> **Short web captions**
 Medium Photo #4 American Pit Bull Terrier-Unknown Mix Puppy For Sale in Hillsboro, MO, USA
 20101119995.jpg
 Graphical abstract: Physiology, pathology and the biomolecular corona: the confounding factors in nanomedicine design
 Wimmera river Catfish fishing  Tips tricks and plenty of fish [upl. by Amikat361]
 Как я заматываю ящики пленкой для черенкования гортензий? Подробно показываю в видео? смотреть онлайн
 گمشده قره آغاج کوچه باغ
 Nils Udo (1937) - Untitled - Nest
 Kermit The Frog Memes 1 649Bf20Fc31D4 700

> **Try it**
Return each line of the records above exactly as it reads.

> **Response area**
 Medium Photo #4 American Pit Bull Terrier-Unknown Mix Puppy For Sale in Hillsboro, MO, USA
 20101119995.jpg
 Graphical abstract: Physiology, pathology and the biomolecular corona: the confounding factors in nanomedicine design
 Wimmera river Catfish fishing  Tips tricks and plenty of fish [upl. by Amikat361]
 Как я заматываю ящики пленкой для черенкования гортензий? Подробно показываю в видео? смотреть онлайн
 گمشده قره آغاج کوچه باغ
 Nils Udo (1937) - Untitled - Nest
 Kermit The Frog Memes 1 649Bf20Fc31D4 700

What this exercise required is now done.